§ **Supplied data**:
☆ ☆ ☆ ☆
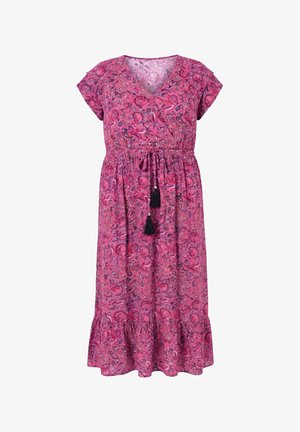 Robe midi rose à motif cachemire, manches courtes, col en V, ceinture ajustable avec pompons noirs, et ourlet à volants.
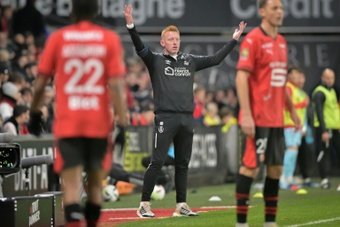 Reims coach Will Still said on Thursday he had not met with bosses at Sunderland despite reports linking him with a move to the Championship club.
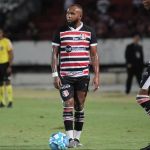 Evaristo sinaliza retorno de Chiquinho ao meio de campo no Santa Cruz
☆ ☆ ☆ ☆
§ **Task item**: Output the data exactly, pictures omitted.

§ **Output for this exercise**:
 Robe midi rose à motif cachemire, manches courtes, col en V, ceinture ajustable avec pompons noirs, et ourlet à volants.
 Reims coach Will Still said on Thursday he had not met with bosses at Sunderland despite reports linking him with a move to the Championship club.
 Evaristo sinaliza retorno de Chiquinho ao meio de campo no Santa Cruz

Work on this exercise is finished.